● **Task item**
The pictures are to be dropped, and the records below are to be restated word for word.

● **Extracted material**

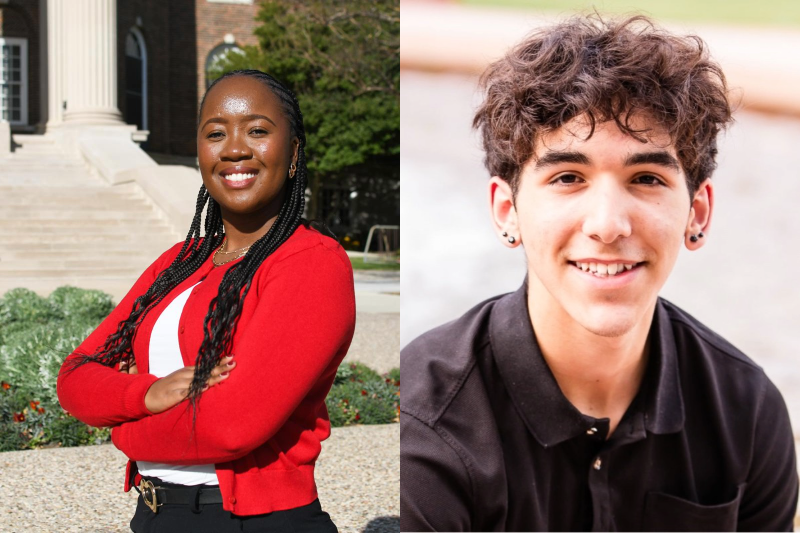 Side-by-side portrait photos of SMU Lyle students Kristian Perez and senior Nomvuyo Makhathini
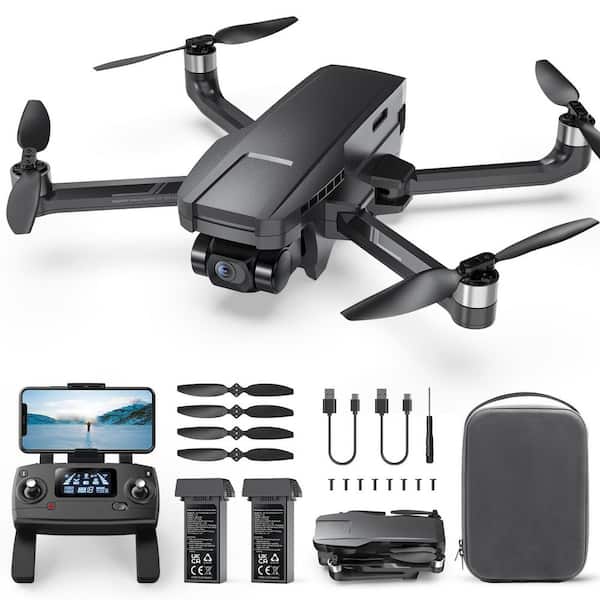 Foldable Drones w 4K Camera, 52Min Flight Time, Brushless Motor, GPS Auto Return, Video Transmission for Beginner Adult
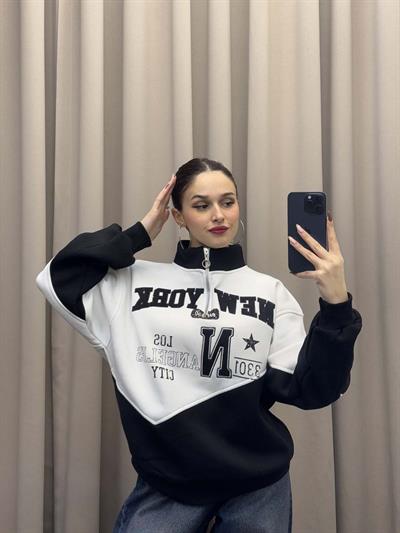 New York Nakışlı Siyah Sweatshirt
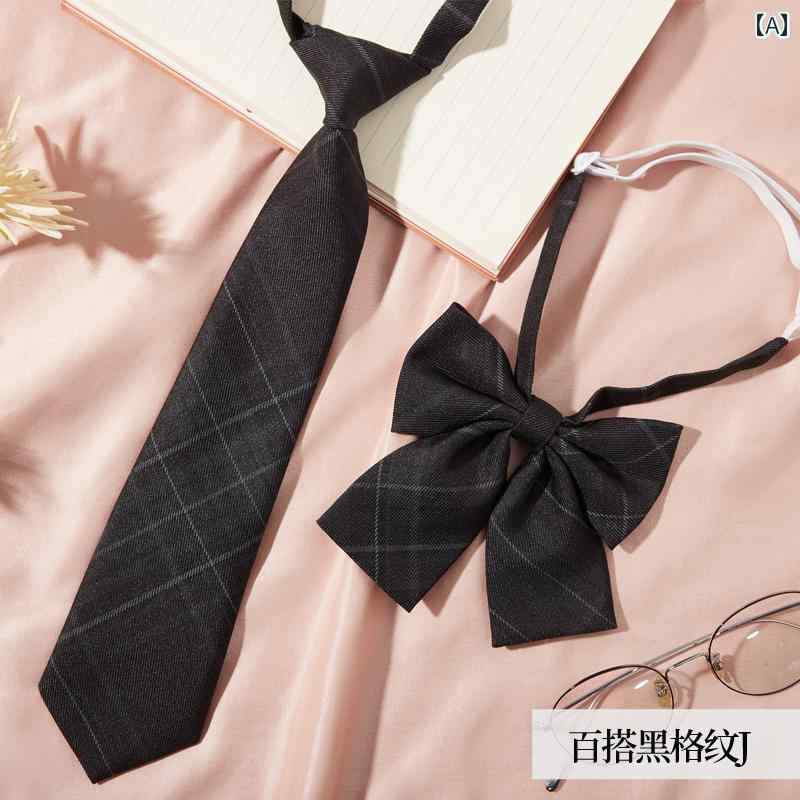 リボン タイ 制服 JK セット アクセサリー 蝶 コスプレ 撮影 小物 首 襟 韓国 おしゃれ チェック 柄 シャツ セーラー 伸縮性 差し込み 黒 グレー 赤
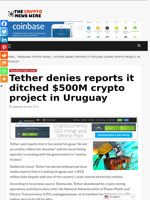Tether denies reports it ditched $500M crypto project in Uruguay - The Crypto News Wire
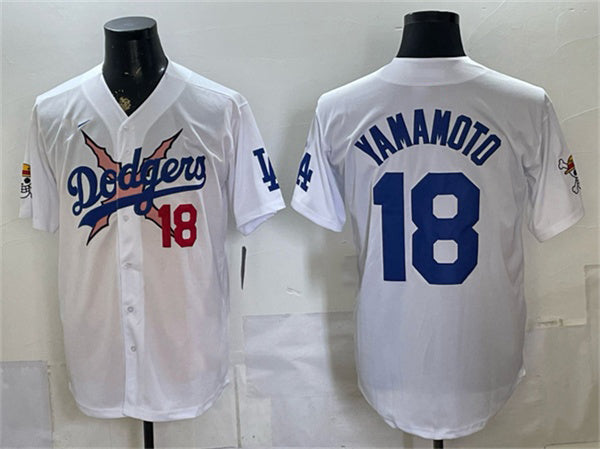Los Angeles Dodgers x One Piece #18 Yoshinobu Yamamoto White CONTON Vapor Premier Limited Stitched Jersey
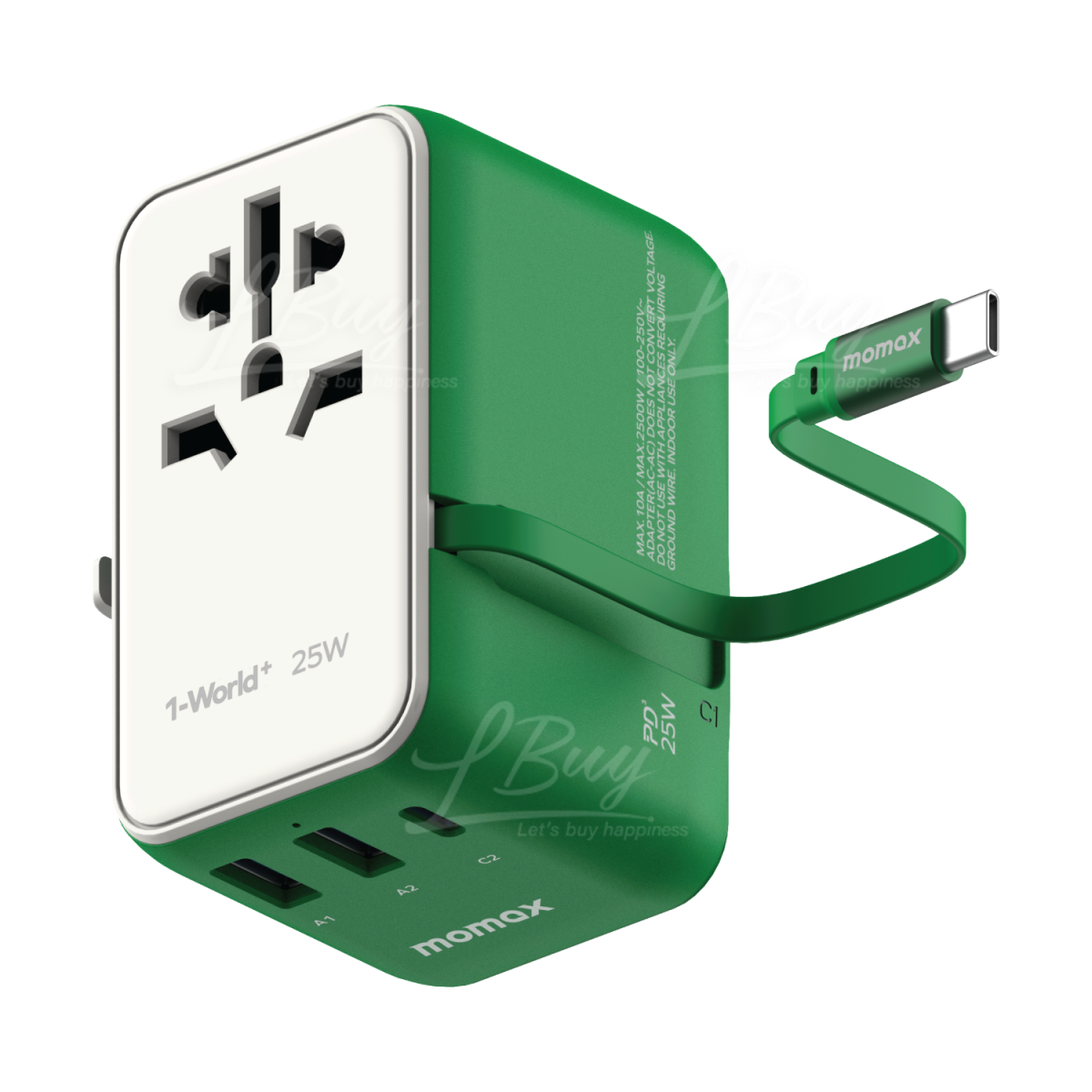MOMAX 1-World+ 25W GaN3-插口內建 USB-C 充電線+ AC 旅行充電插座 UA20 綠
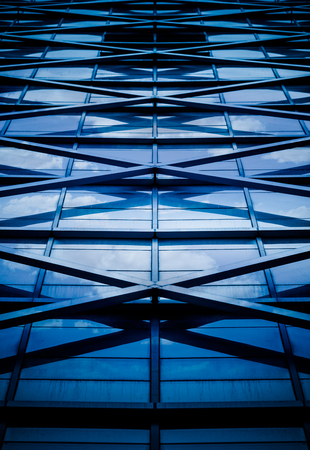 modern building exterior,blue toned image.のeditorial素材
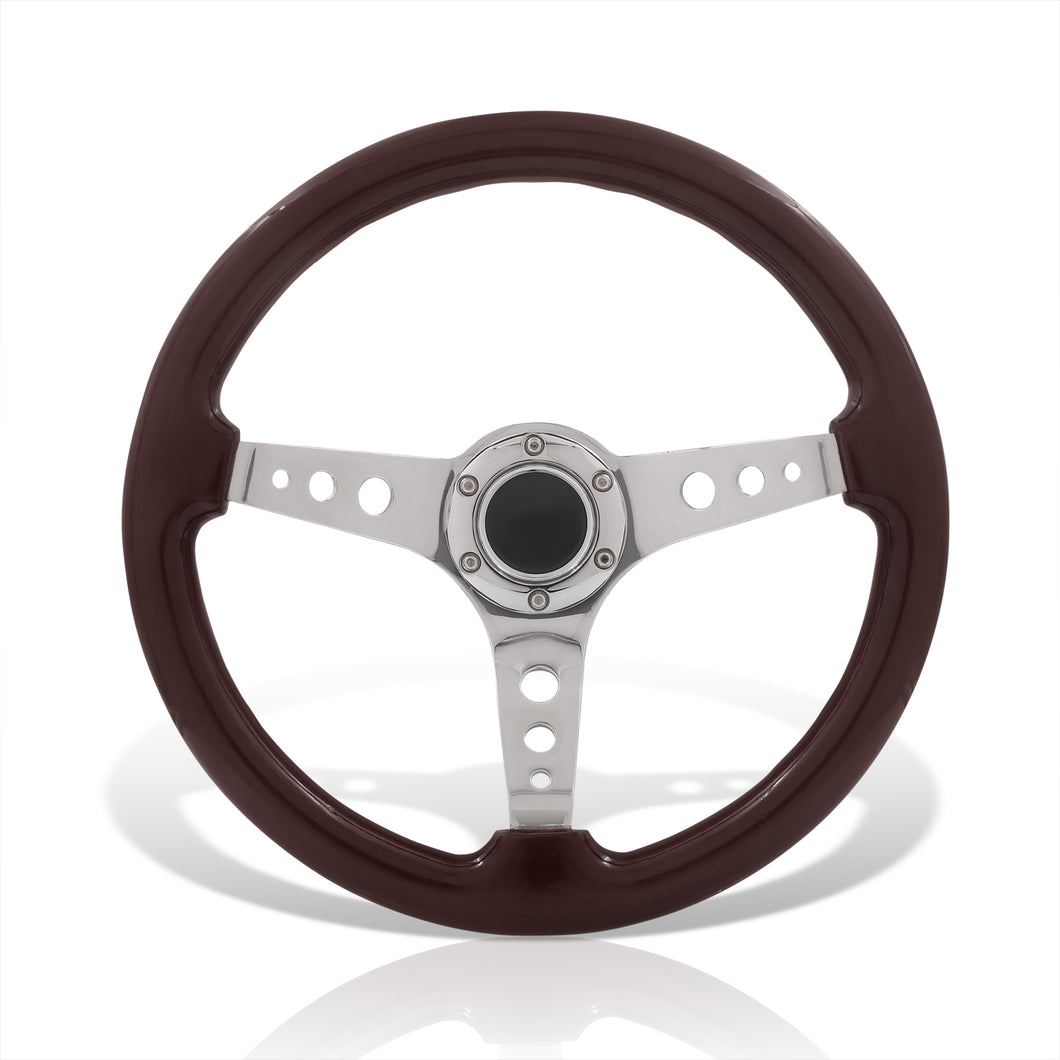 Universal 350mm Heavy Duty Steel Wood Grain Style Steering Wheel Polished Center Dark Wood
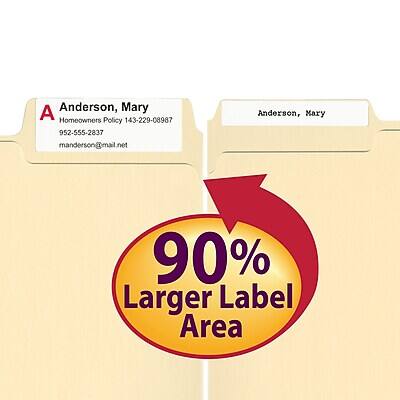 Anderson, Mary  
Homeowners Policy 143-229-08987  
952-555-2837  
manderson@mail.net  

90% Larger Label Area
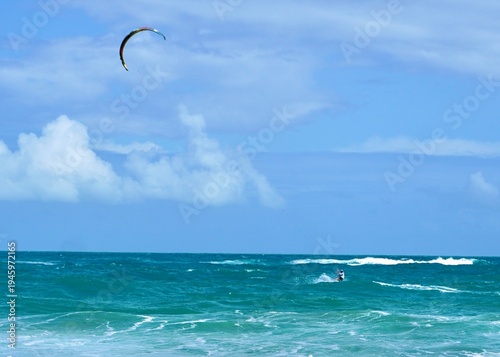 Kiteboarding in the Caribbean Sea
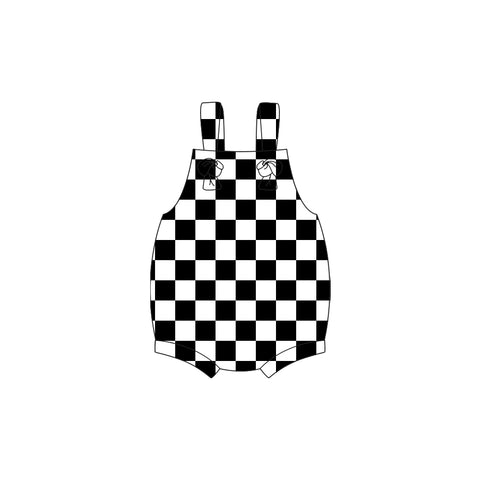 Preorder 12.22 MOQ 5 pcs SR3640 Plaid Black Baby Boys Romper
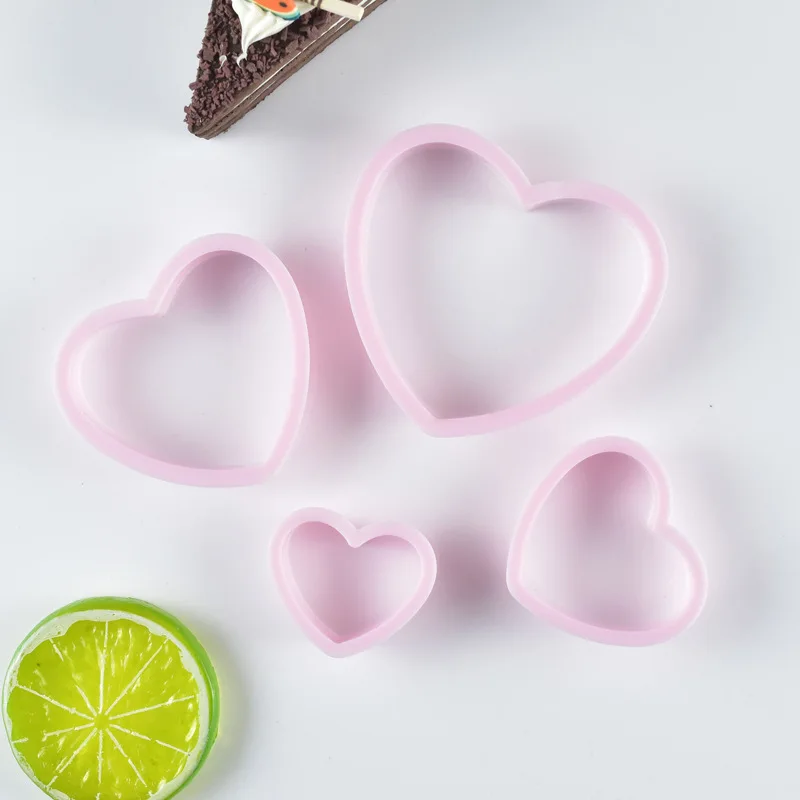 

4Pcs Heart Cookie Cutter Valentine's Day Love Wedding Romantic Cookies Molds Baking Tools Biscuits Stamp Fondant Cake Clay Molds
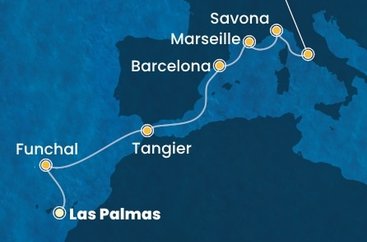 Španielsko, Portugalsko, Maroko, Francúzsko, Taliansko z Las Palmas na lodi Costa Pacifica
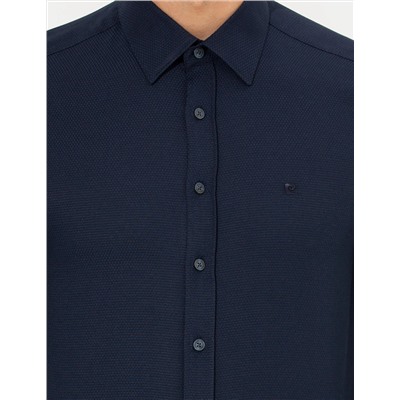 Lacivert Slim Fit Armürlü Gömlek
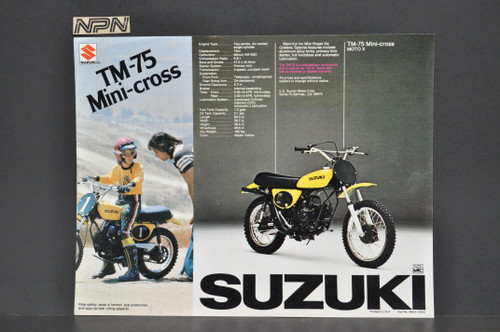 Vintage NOS 1976 Suzuki RM100 TM75 Mini Cross Sales Brochure OEM Dealer Specs MX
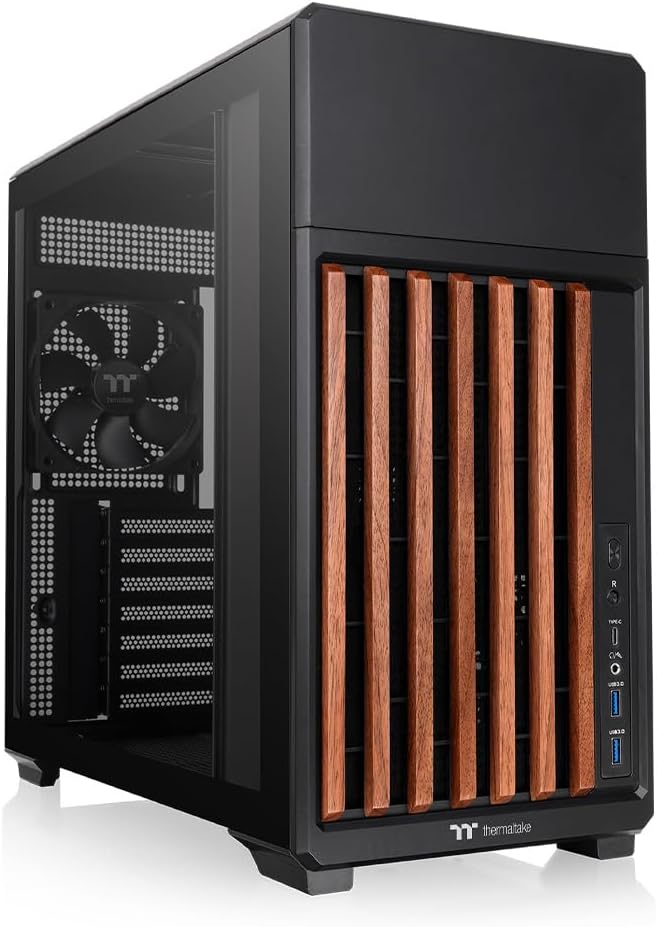 Thermaltake TR300 WS; Wood Trim; Mid Tower; 1x120mm PWM Fan Included; ATX/mATX/mITX Support; 360mm Radiator Support; 410mm GPU Clearance; 165mm Air Cooler Clearance; Black; CA-11M-00M1WN-WS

● **Exercise answer**
 Side-by-side portrait photos of SMU Lyle students Kristian Perez and senior Nomvuyo Makhathini
 Foldable Drones w 4K Camera, 52Min Flight Time, Brushless Motor, GPS Auto Return, Video Transmission for Beginner Adult
 New York Nakışlı Siyah Sweatshirt
 リボン タイ 制服 JK セット アクセサリー 蝶 コスプレ 撮影 小物 首 襟 韓国 おしゃれ チェック 柄 シャツ セーラー 伸縮性 差し込み 黒 グレー 赤
Tether denies reports it ditched $500M crypto project in Uruguay - The Crypto News Wire
Los Angeles Dodgers x One Piece #18 Yoshinobu Yamamoto White CONTON Vapor Premier Limited Stitched Jersey
MOMAX 1-World+ 25W GaN3-插口內建 USB-C 充電線+ AC 旅行充電插座 UA20 綠
 modern building exterior,blue toned image.のeditorial素材
 Universal 350mm Heavy Duty Steel Wood Grain Style Steering Wheel Polished Center Dark Wood
 Anderson, Mary  
Homeowners Policy 143-229-08987  
952-555-2837  
manderson@mail.net  

90% Larger Label Area
 Kiteboarding in the Caribbean Sea
 Preorder 12.22 MOQ 5 pcs SR3640 Plaid Black Baby Boys Romper

4Pcs Heart Cookie Cutter Valentine's Day Love Wedding Romantic Cookies Molds Baking Tools Biscuits Stamp Fondant Cake Clay Molds
 Španielsko, Portugalsko, Maroko, Francúzsko, Taliansko z Las Palmas na lodi Costa Pacifica
 Lacivert Slim Fit Armürlü Gömlek
 Vintage NOS 1976 Suzuki RM100 TM75 Mini Cross Sales Brochure OEM Dealer Specs MX
 Thermaltake TR300 WS; Wood Trim; Mid Tower; 1x120mm PWM Fan Included; ATX/mATX/mITX Support; 360mm Radiator Support; 410mm GPU Clearance; 165mm Air Cooler Clearance; Black; CA-11M-00M1WN-WS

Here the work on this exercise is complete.